*** SOURCE DATA ***

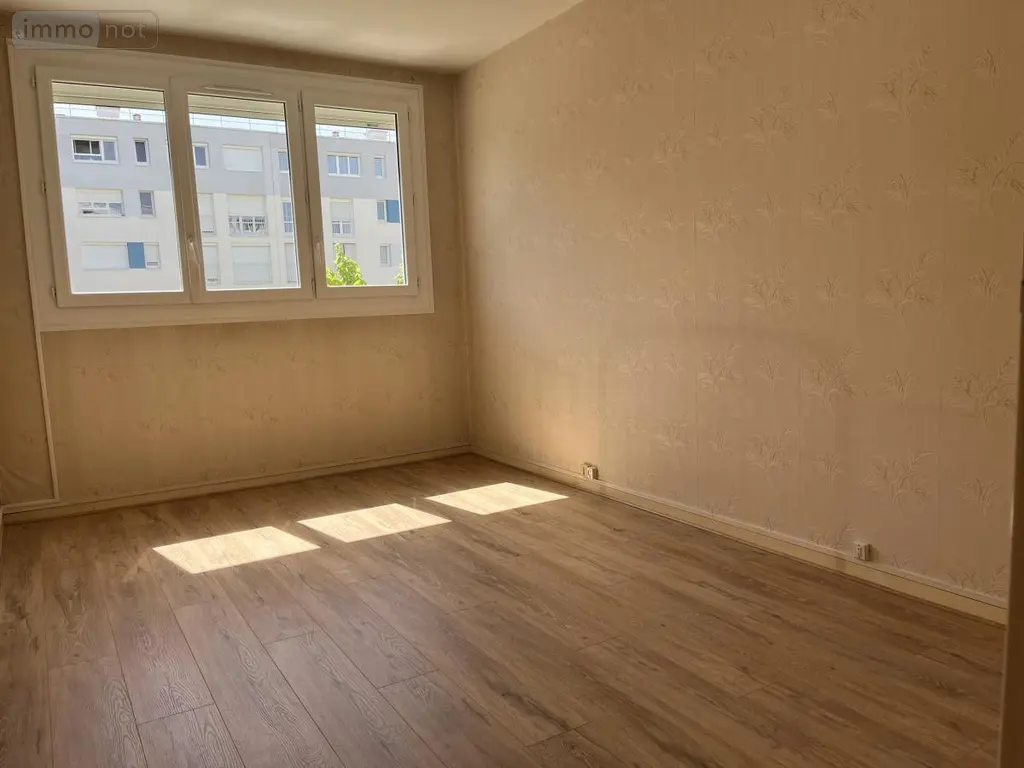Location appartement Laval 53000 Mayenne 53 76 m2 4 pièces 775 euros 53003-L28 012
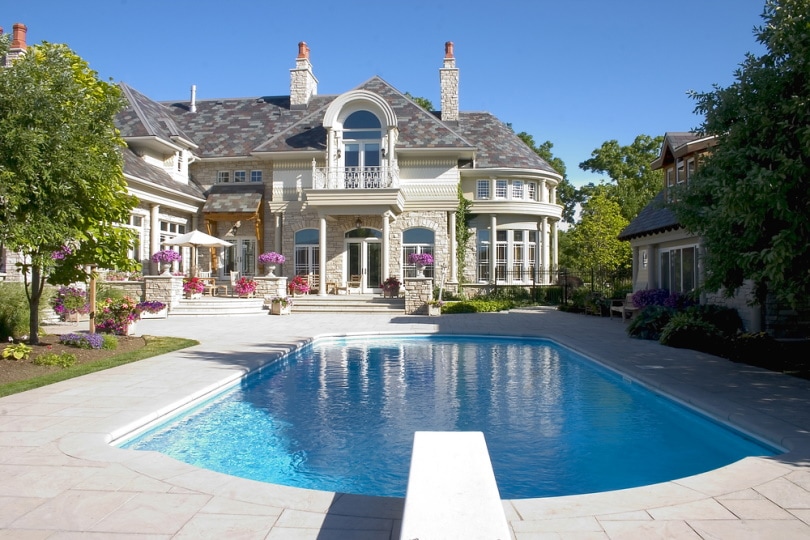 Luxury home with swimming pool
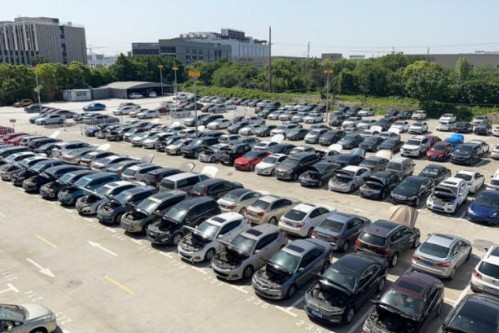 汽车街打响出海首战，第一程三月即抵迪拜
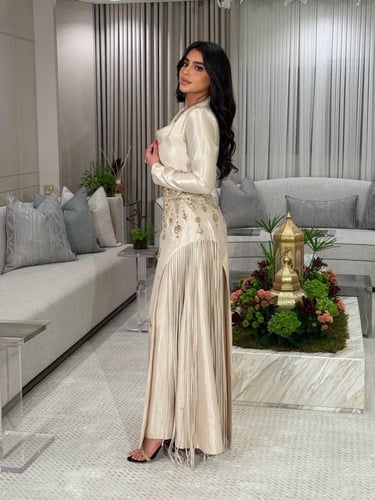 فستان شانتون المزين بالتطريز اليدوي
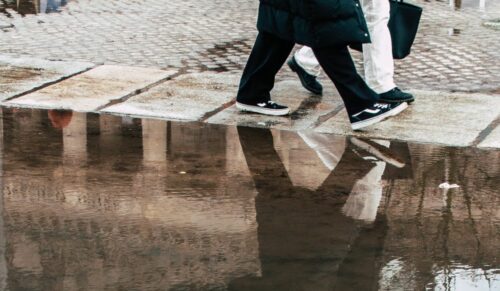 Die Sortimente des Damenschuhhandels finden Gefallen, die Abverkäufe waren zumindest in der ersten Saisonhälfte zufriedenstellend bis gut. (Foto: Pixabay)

*** End of SOURCE DATA ***
*** SOURCE DATA ***

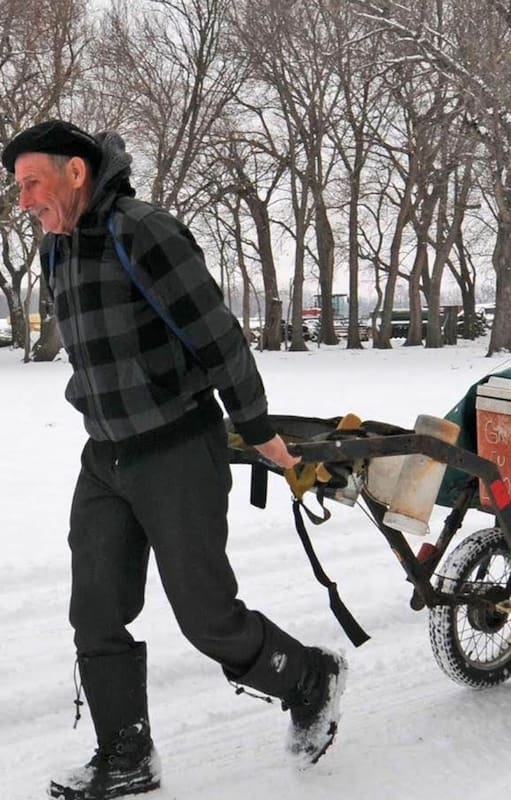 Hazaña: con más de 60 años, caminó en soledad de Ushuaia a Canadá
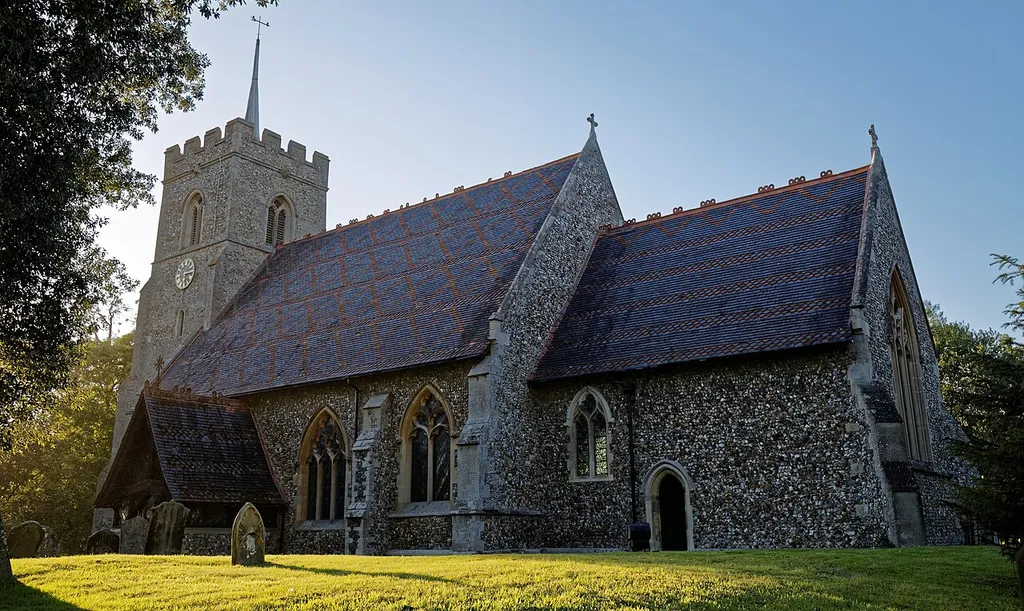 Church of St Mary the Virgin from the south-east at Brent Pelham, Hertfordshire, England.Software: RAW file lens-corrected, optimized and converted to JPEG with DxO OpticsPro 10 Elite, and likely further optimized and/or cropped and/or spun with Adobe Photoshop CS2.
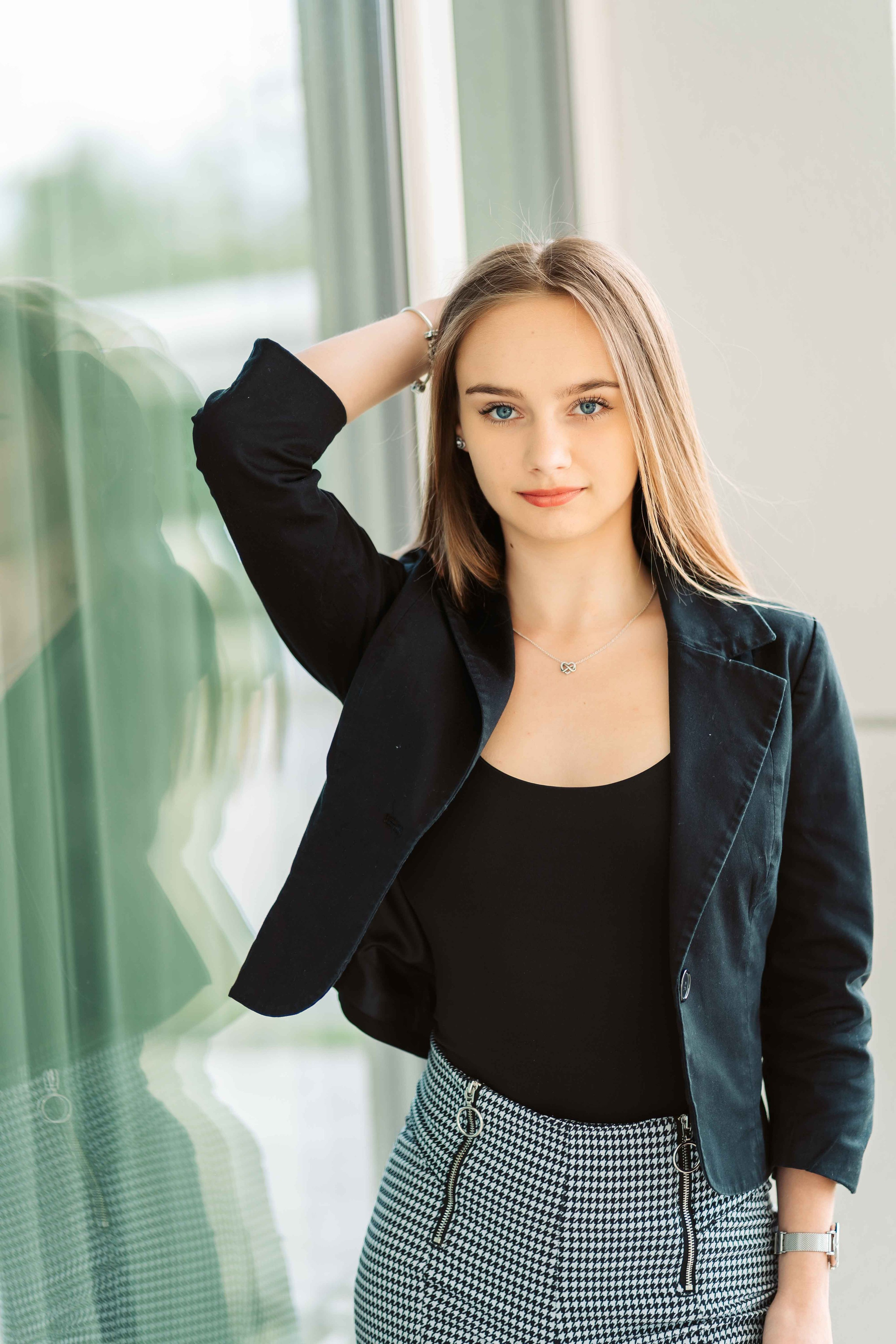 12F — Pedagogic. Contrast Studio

*** End of SOURCE DATA ***
*** SOURCE DATA ***

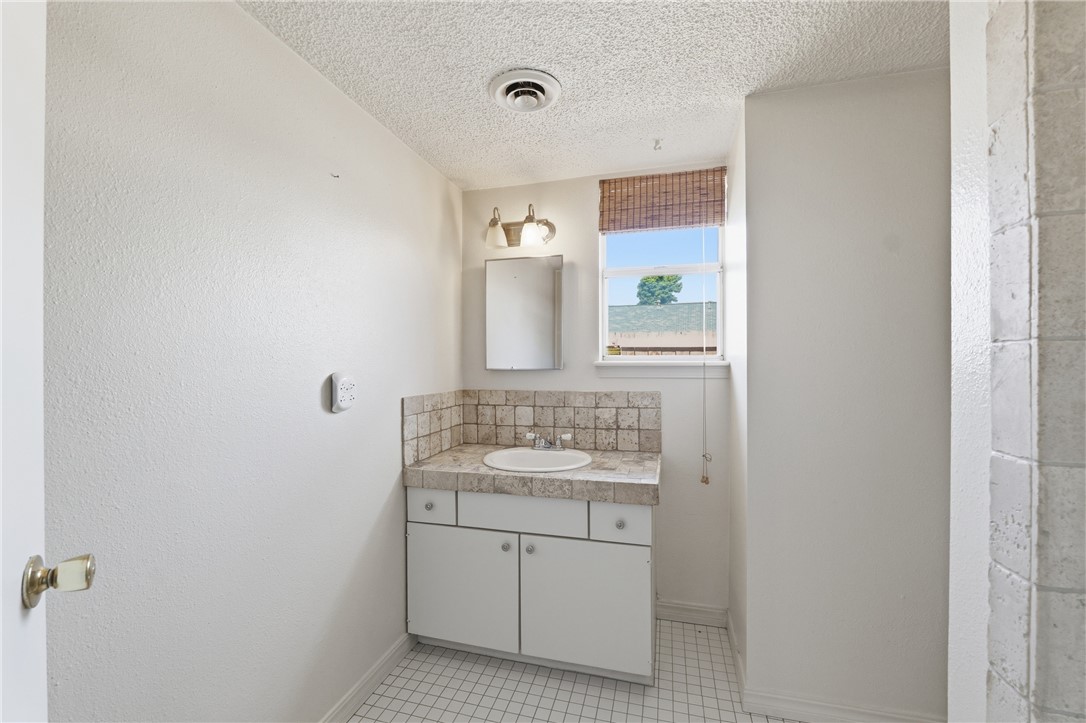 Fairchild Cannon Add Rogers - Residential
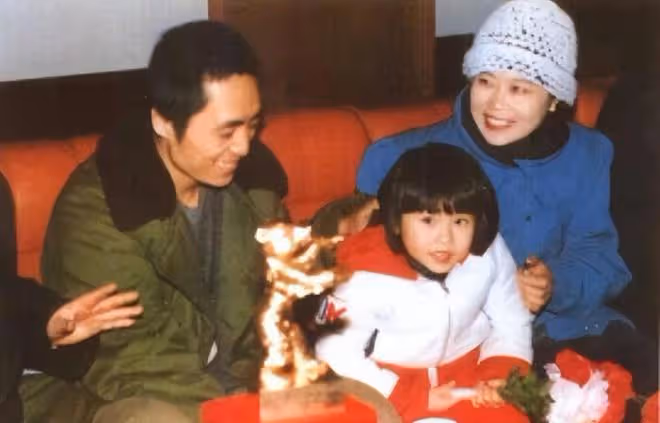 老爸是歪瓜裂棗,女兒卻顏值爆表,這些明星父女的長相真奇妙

*** End of SOURCE DATA ***

YOUR ASSIGNMENT: Your answer should be the exact lines above from the one containing "Hazaña: con más" through the one containing "12F — Pedagogic. Contrast Studio", with both end lines kept and the pictures removed, please.

TASK OUTPUT:
 Hazaña: con más de 60 años, caminó en soledad de Ushuaia a Canadá
 Church of St Mary the Virgin from the south-east at Brent Pelham, Hertfordshire, England.Software: RAW file lens-corrected, optimized and converted to JPEG with DxO OpticsPro 10 Elite, and likely further optimized and/or cropped and/or spun with Adobe Photoshop CS2.
 12F — Pedagogic. Contrast Studio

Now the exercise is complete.